Please return each entry that follows exactly as written, and keep the pictures out.

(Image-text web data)
::::::::

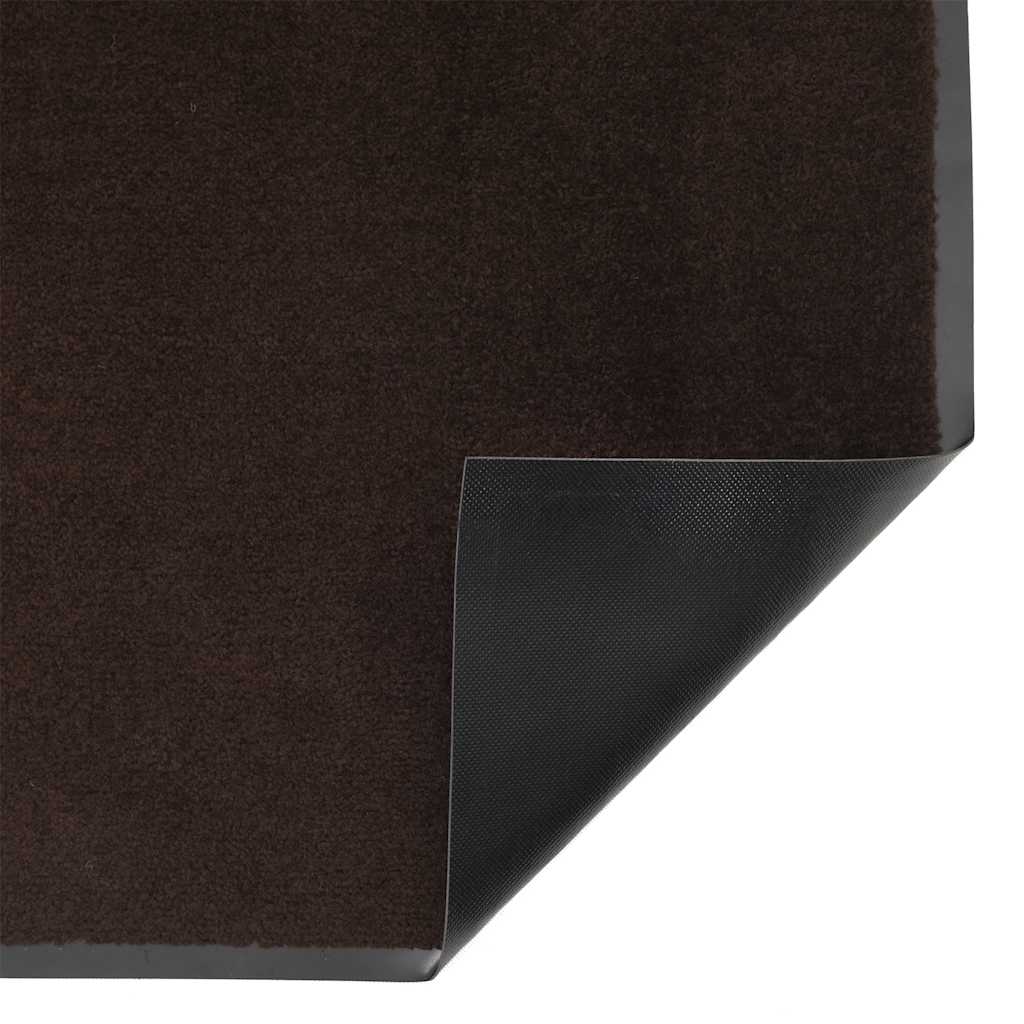 Fußmatte Schwarz 40x60 cm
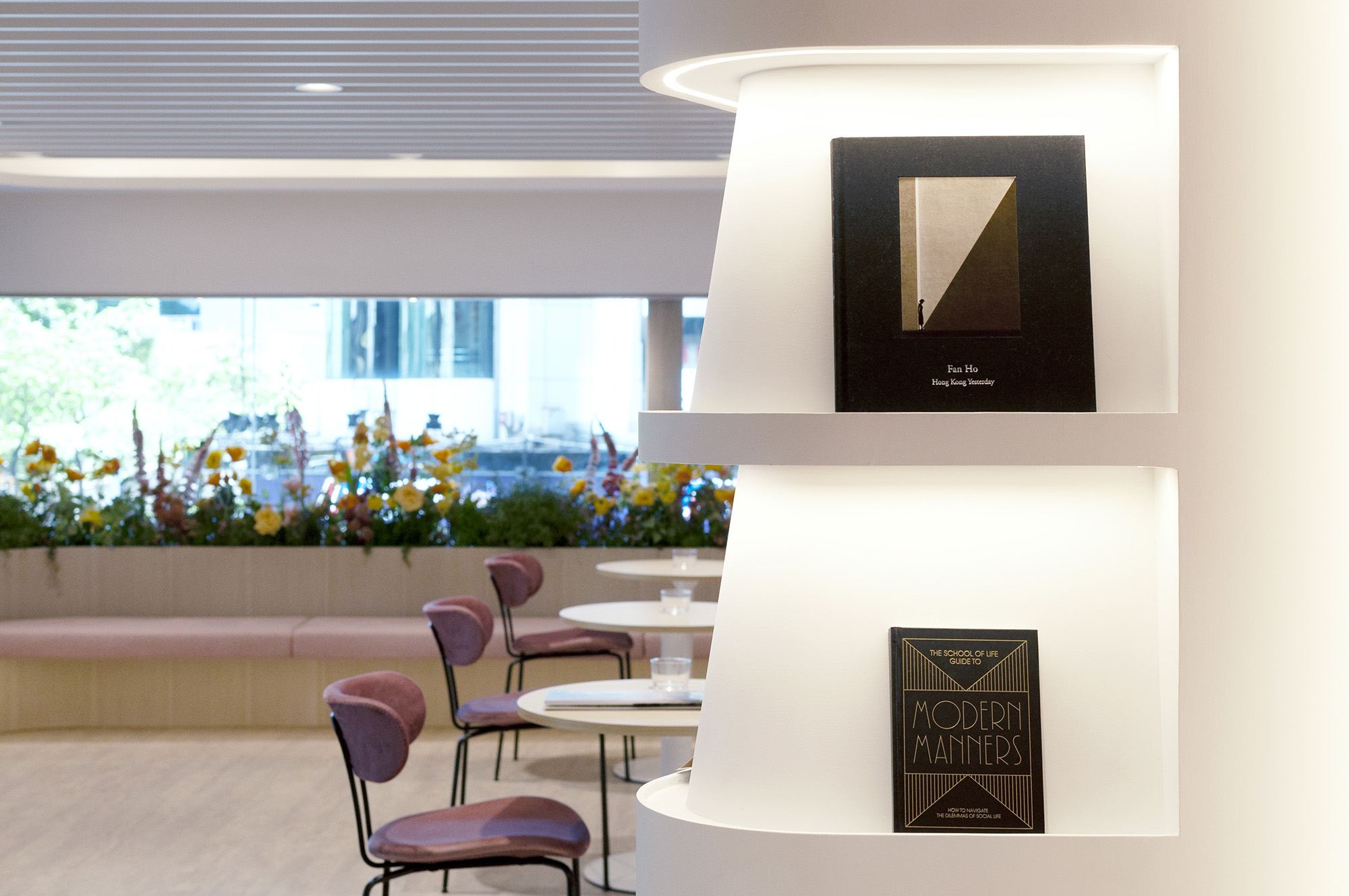 西班牙花园风住宅销售廊丨中国香港丨Bean Buro-40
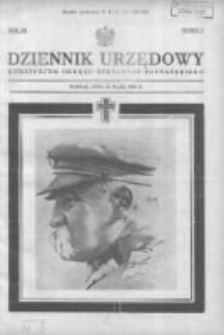 Dziennik Urzędowy Kuratorjum Okręgu Szkolnego Poznańskiego 1935.05.22 R.12 Nr5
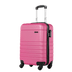Mala de Viagem Bordo com Rodas 360° Essencial - Rosa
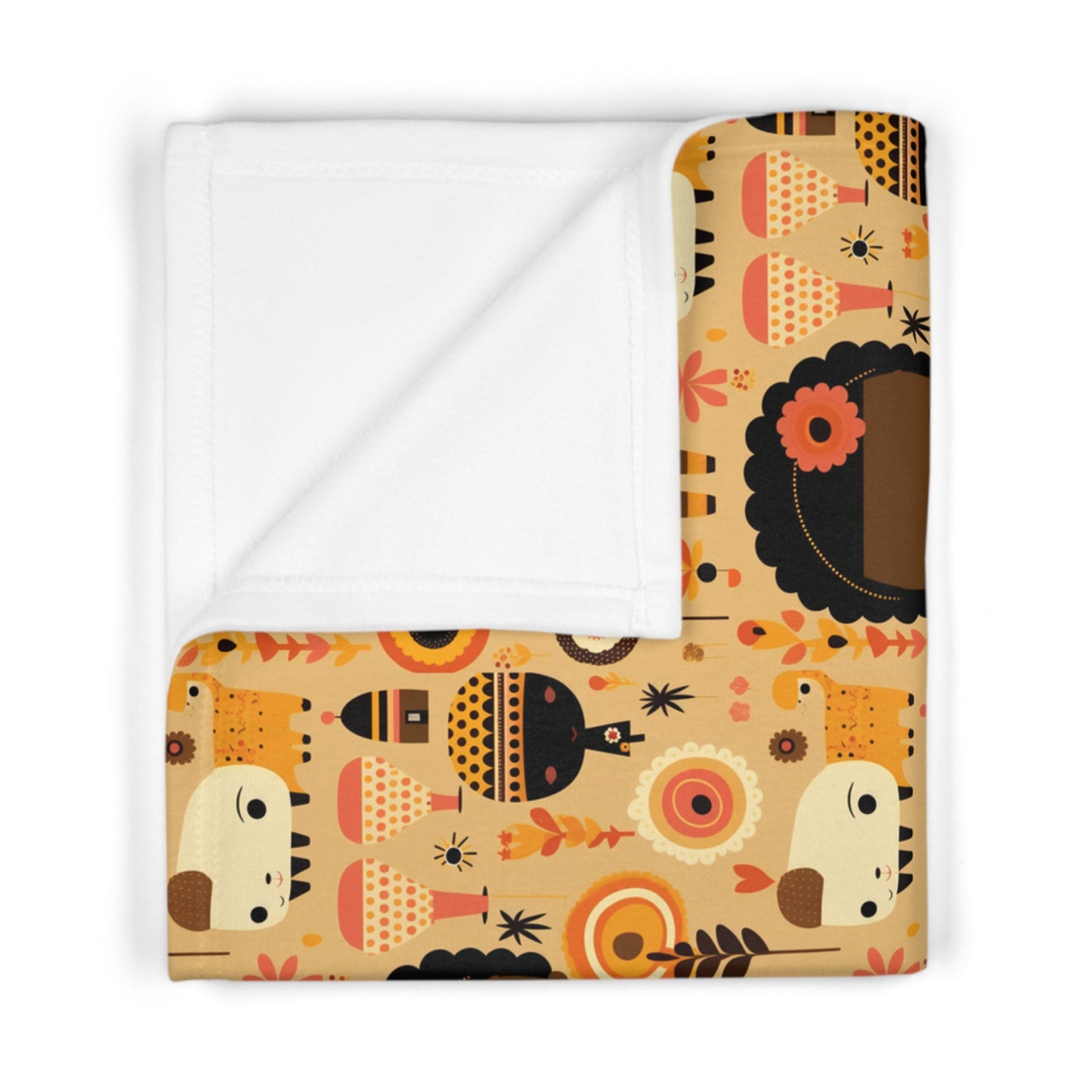 Celebrating African American Culture by Brandon Mclain, Baby Blanket Soft and Inclusive Personalized Fleece (c)BrandonMclain2024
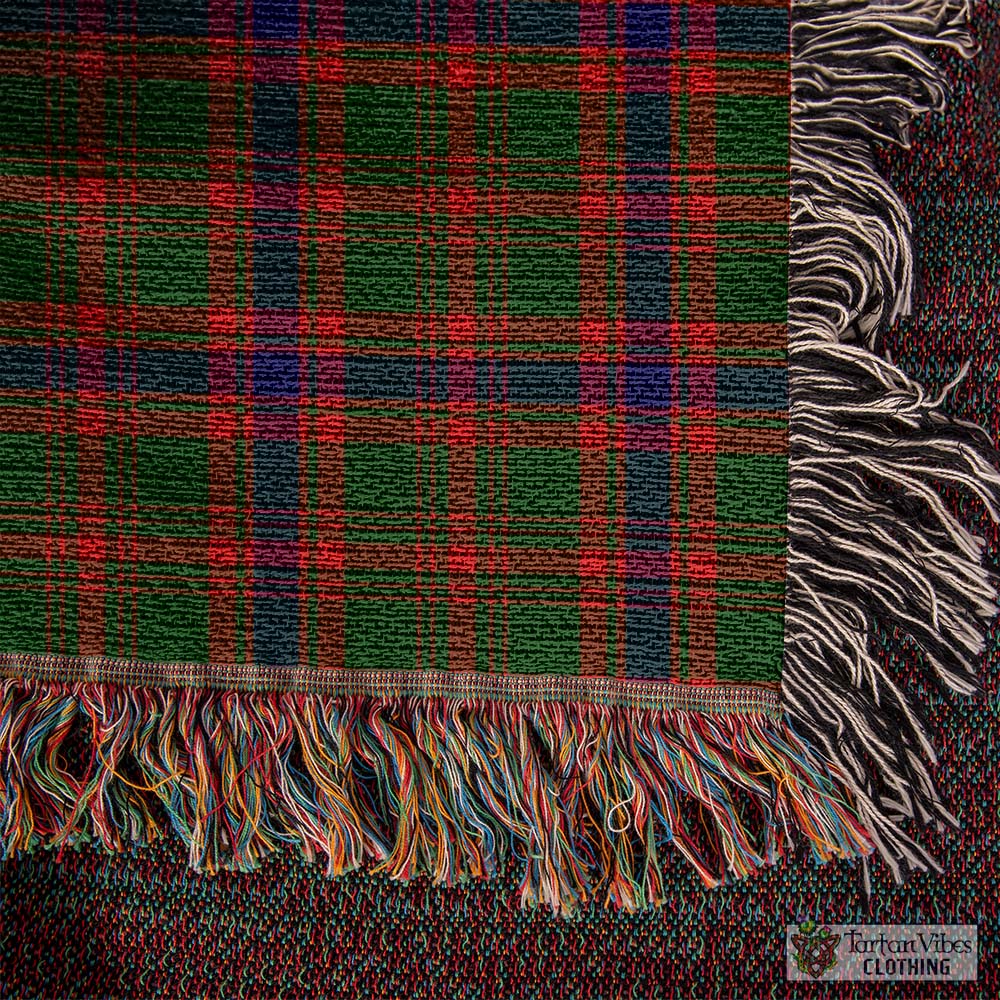 Tartan Vibes Clothing Kinninmont Tartan Woven Blanket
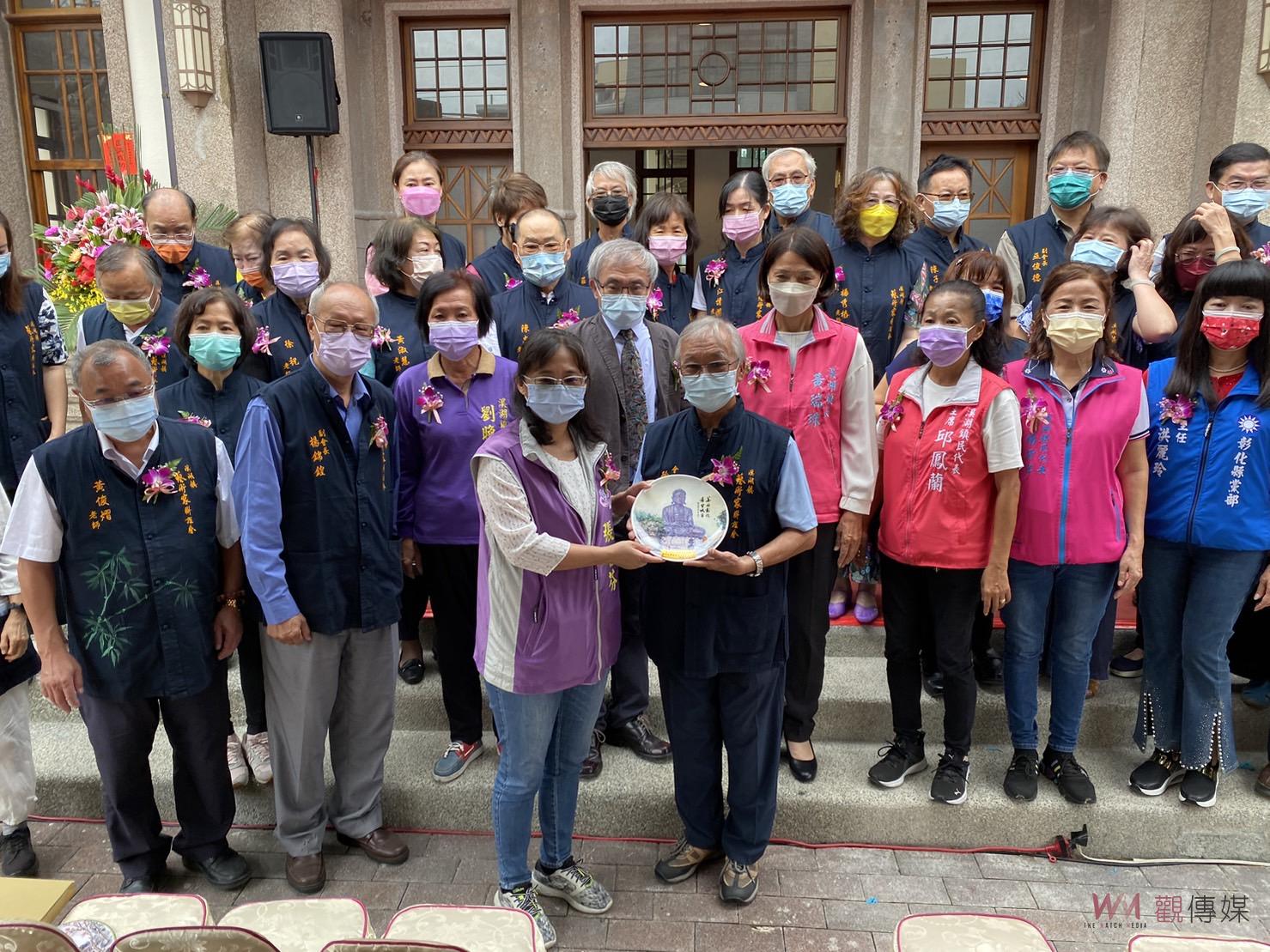 影／擺脫蚊子館臭名　彰化歷史建築「溪湖庄役場」竣工揭牌 - https://www.watchmedia01.com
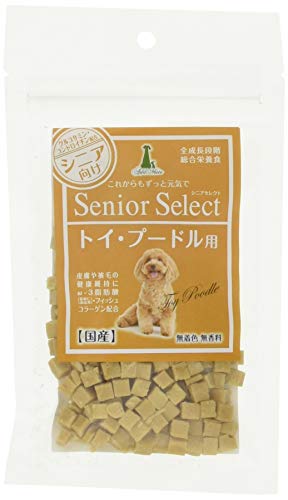アドメイト 犬用おやつ シニアセレクト チキン トイ プードル用 70g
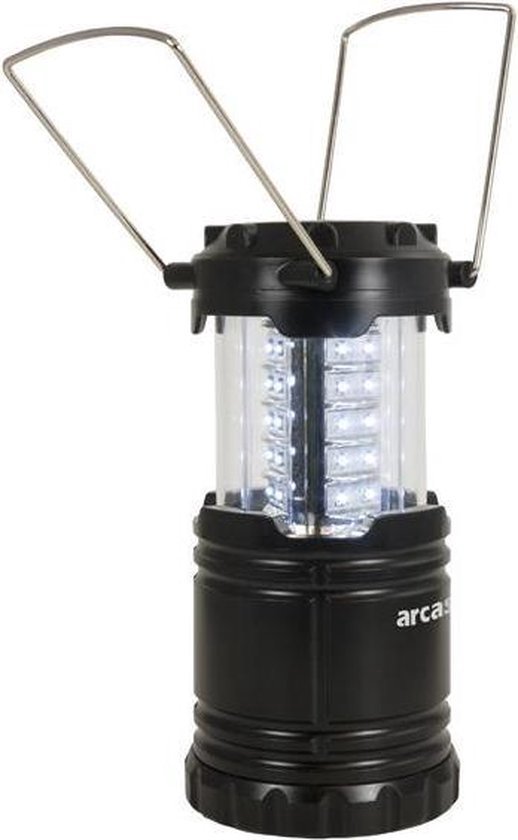 Arcas Campinglamp Kampeerlamp op Batterijen Tentlamp 120 Lumen Lamp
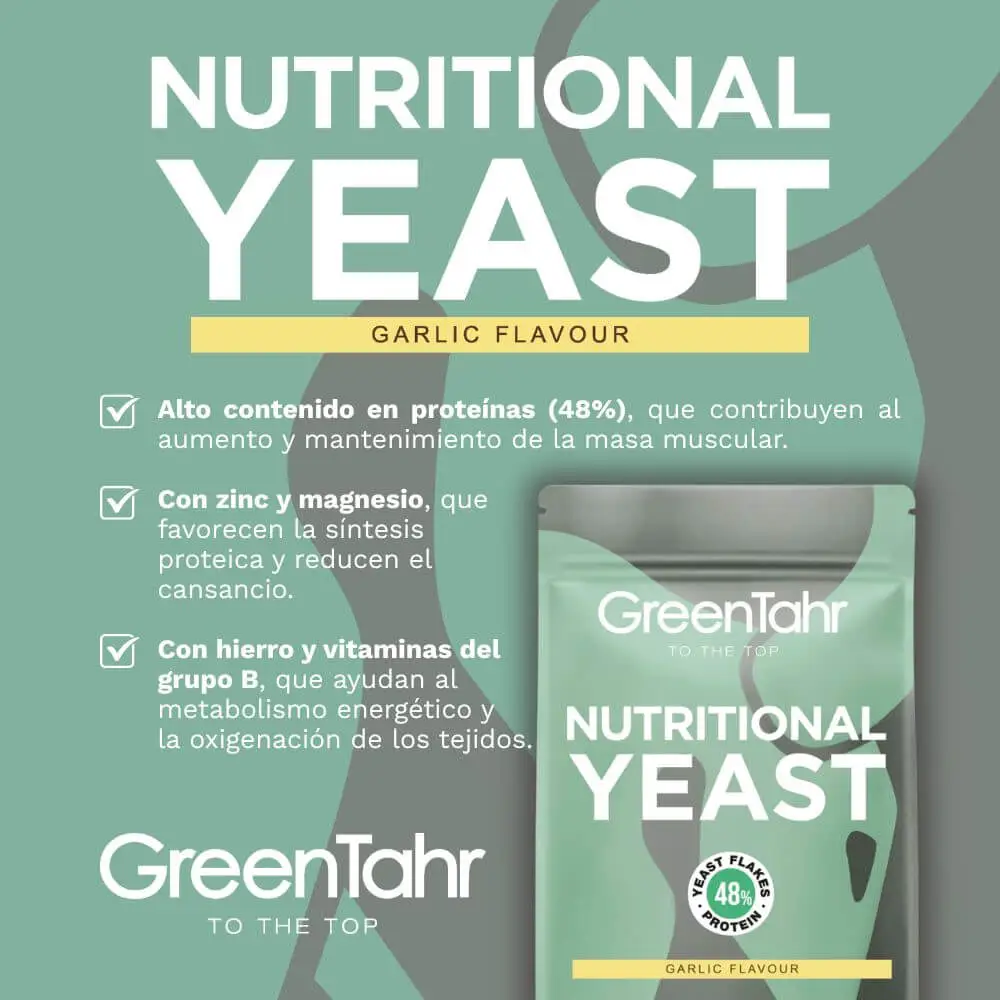 Levadura nutricional inactiva sabor ajo - Imagen 2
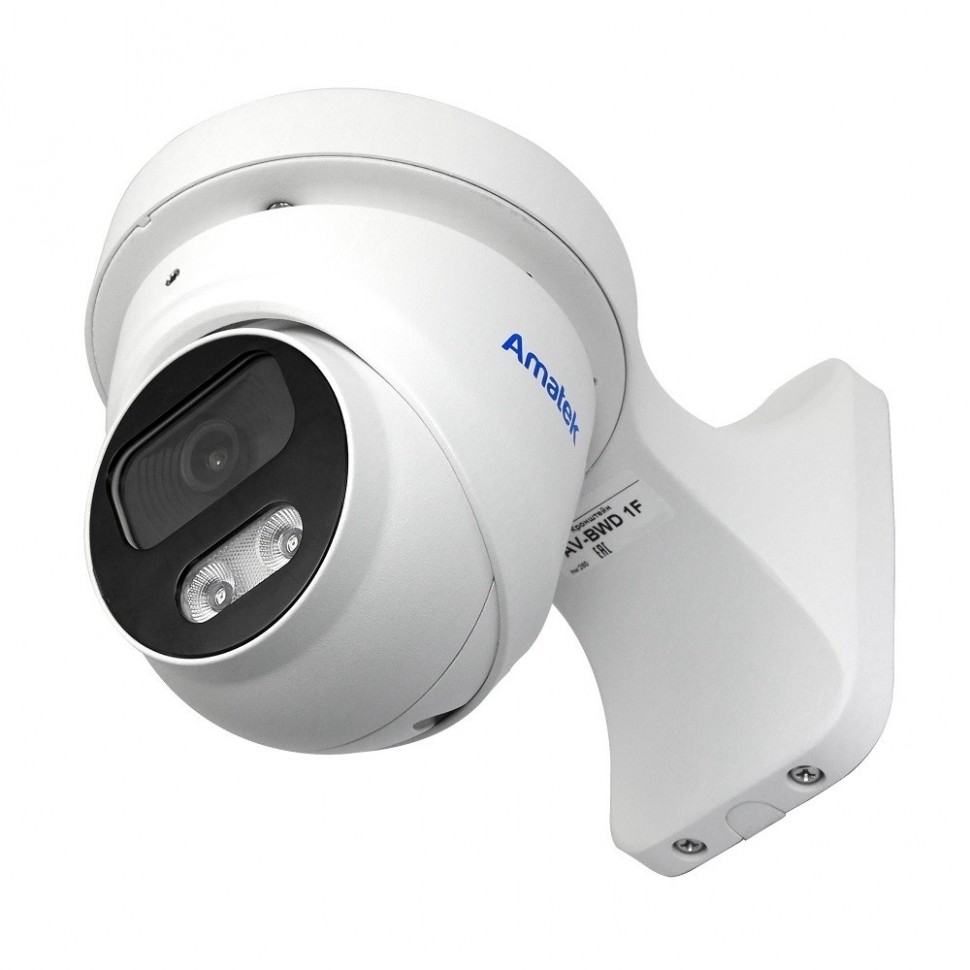 AC-IDV802MF - купольная IP видеокамера 8Мп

::::::::

### Written response
 Fußmatte Schwarz 40x60 cm
 西班牙花园风住宅销售廊丨中国香港丨Bean Buro-40
 Dziennik Urzędowy Kuratorjum Okręgu Szkolnego Poznańskiego 1935.05.22 R.12 Nr5
Mala de Viagem Bordo com Rodas 360° Essencial - Rosa
 Celebrating African American Culture by Brandon Mclain, Baby Blanket Soft and Inclusive Personalized Fleece (c)BrandonMclain2024
 Tartan Vibes Clothing Kinninmont Tartan Woven Blanket
 影／擺脫蚊子館臭名　彰化歷史建築「溪湖庄役場」竣工揭牌 - https://www.watchmedia01.com
アドメイト 犬用おやつ シニアセレクト チキン トイ プードル用 70g
 Arcas Campinglamp Kampeerlamp op Batterijen Tentlamp 120 Lumen Lamp
 Levadura nutricional inactiva sabor ajo - Imagen 2
 AC-IDV802MF - купольная IP видеокамера 8Мп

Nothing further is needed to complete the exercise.